Almost a fifth of people under the age of 50 do not think they will ever save enough for a house deposit, research from a housing developer has revealed.
According to a poll of 1,000 people by Latimer, 16.3% worry they will never raise a deposit. This rises to 23.4% among those aged between 35 and 44.
Some 38% of respondents said they planned to buy a home in the next year. Of these, 36% were already homeowners.
Among the non-homeowners, a tenth said they would be able to raise a mortgage deposit in the next 12 months.
Majority of homeowners over 55 years old
Latimer said based on figures from the Department for Housing, Levelling Up and Communities published in December 2022 which suggested 56% of homeowners are aged 55 or over, the under 50s were being “locked out of homeownership”.
The firm said shared ownership could be an alternative option to getting onto the property ladder.
Richard Cook, group development director at Latimer, said: “There’s no question that the current economic landscape is challenging and has compounded the difficulties already posed by the UK’s long-standing housing crisis.
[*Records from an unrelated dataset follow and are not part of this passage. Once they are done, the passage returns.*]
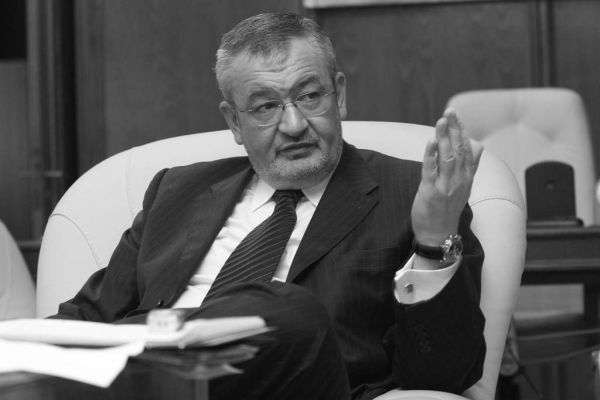 Sebastian Vlădescu (Sursa foto: Twitter)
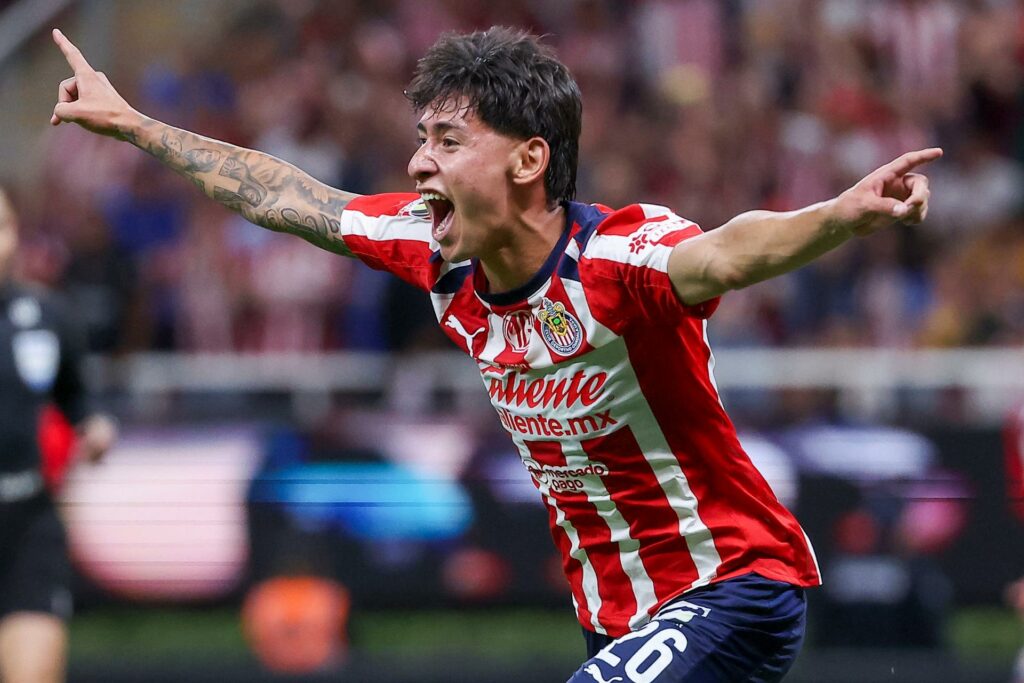 Chivas remonta y avanza a semifinales del Clausura 2026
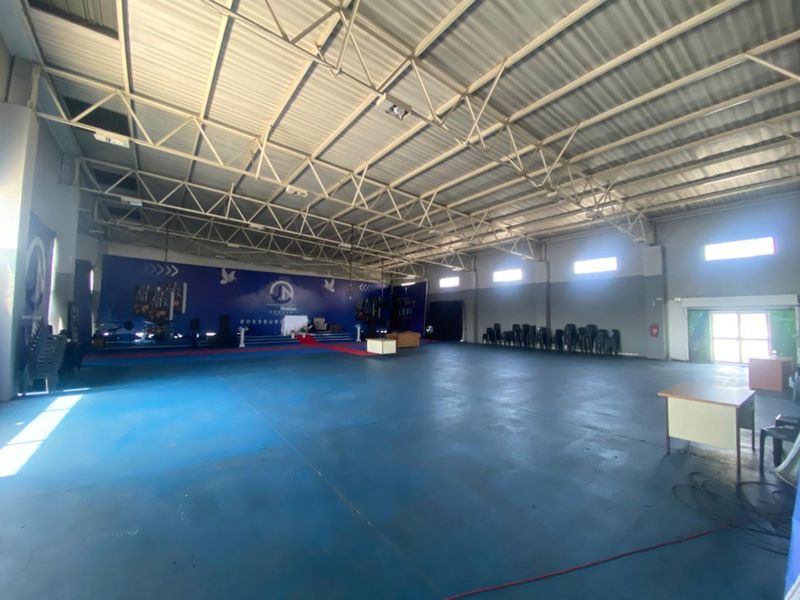 Vibrant Location: Perfect for Car Showroom & More - Photo 4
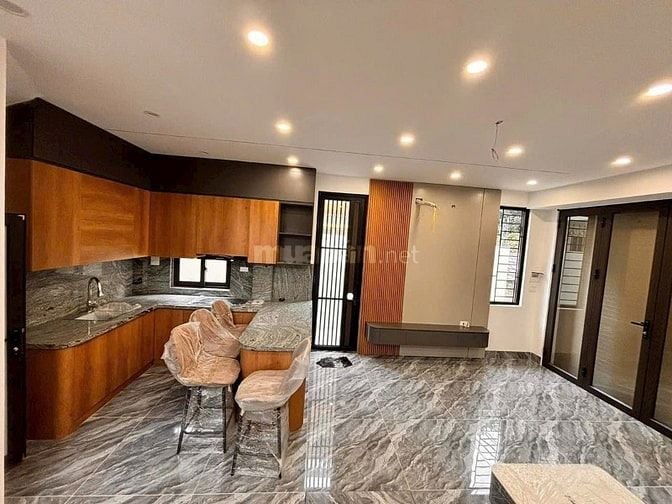 NHÀ MỚI ĐẸP VIỆT HƯNG – LÔ GÓC – NGÕ THÔNG – 10M RA Ô TÔ - GIÁ 9.x TỶ
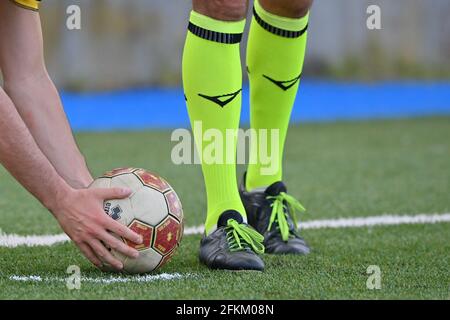 Novara, Italie. 02 mai 2021. Coup de pied gratuit pendant le match de la série C entre Novara et Côme au stade Piola à Novara, Italie crédit: SPP Sport Press photo. /Alamy Live News Banque D'Images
For far too many people, homeownership is a distant dream.
“We believe it’s important to address this and that shared ownership has a major role to play in doing so. That’s why we use it to offer affordable homes at many of our schemes across the country.”
Putting homeownership within reach
Andrew Greenwood, deputy chief executive at Leeds Building Society, added: “We passionately believe that every generation deserves a place to call home and our purpose at Leeds Building Society is to put homeownership within reach of more people generation after generation.
“The cost of housing is at its most expensive point since around the time we were founded 150 years ago and the average deposit for a first-time buyer as a share of wages has more than quadrupled.
“That’s why we welcome the spotlight Latimer is putting on shared ownership. The ability it provides to secure a home with a much smaller deposit is particularly helpful for people looking to buy on their own. It can also help people buy at an earlier age and potentially grow their equity sooner by benefitting from any rise in the value of their home.”